REPUBLIKA.CO.ID,JAKARTA -- Direktur Eksekutif Institut Proklamasi Arief Rachman mengatakan, perhelatan menuju Musyawarah Nasional Luar Biasa (Munaslub) Partai Golkar tinggal hitungan hari. Namun, kisah di balik perebutan orang nomor satu Golkar begitu dramatis.
Salah satunya yakni soal kontrak politik antara Ketua Umum Golkar Aburizal Bakrie (ARB) dengan Ade Komarudin (Akom). Akom mulanya didapuk sebagai Ketua Fraksi Golkar DPR RI. Saat Setya Novanto mundur dari jabatan ketua DPR, ada kontrak/komitmen politik yang ditandatangani antara ARB-Akom disaksikan kader Partai Beringin lainnya.
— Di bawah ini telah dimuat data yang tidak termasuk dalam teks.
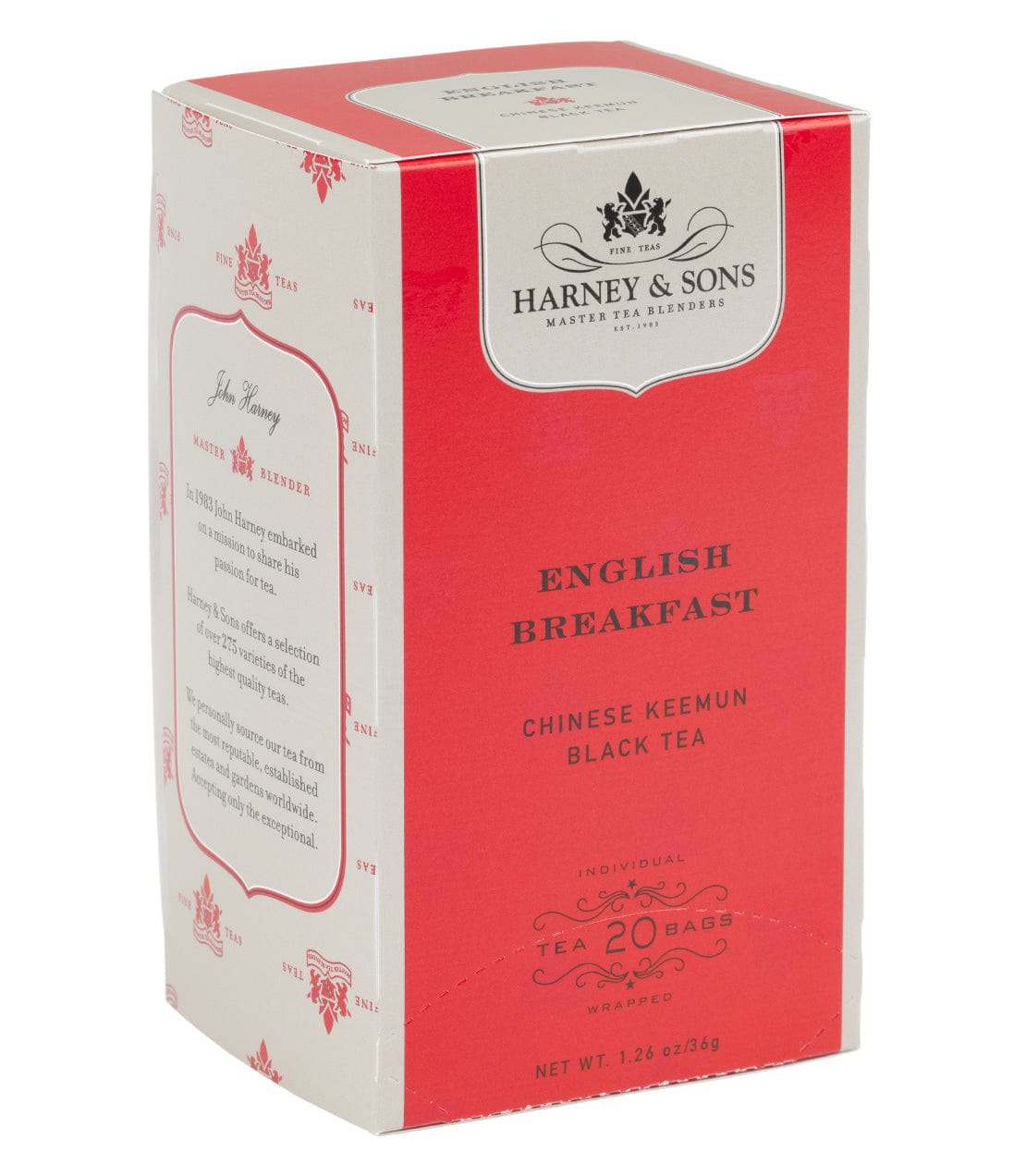 Product Image: English Breakfast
"Dalam perjanjian tersebut, Akom punya kewajiban menjaga mandat Golkar di parlemen. Mandat inilah kini yang mesti dilihat sebagai sebuah pegangan moral dengan Akom," katanya, Rabu, (4/5).
Sebagai seorang ketua umum, ujar Arief, ARB seharusnya meminta Akom untuk tak maju dalam munaslub karena tanggung jawab sebagai ketua DPR sangatlah besar. Sedangkan, kerja-kerja untuk menjalankan roda partai nantinya juga memakan energi besar.
"Seharusnya Akom banyak memimpin rapat di DPR. Namun, ia malah keliling daerah alias kampanye mengumpulkan dukungan," katanya.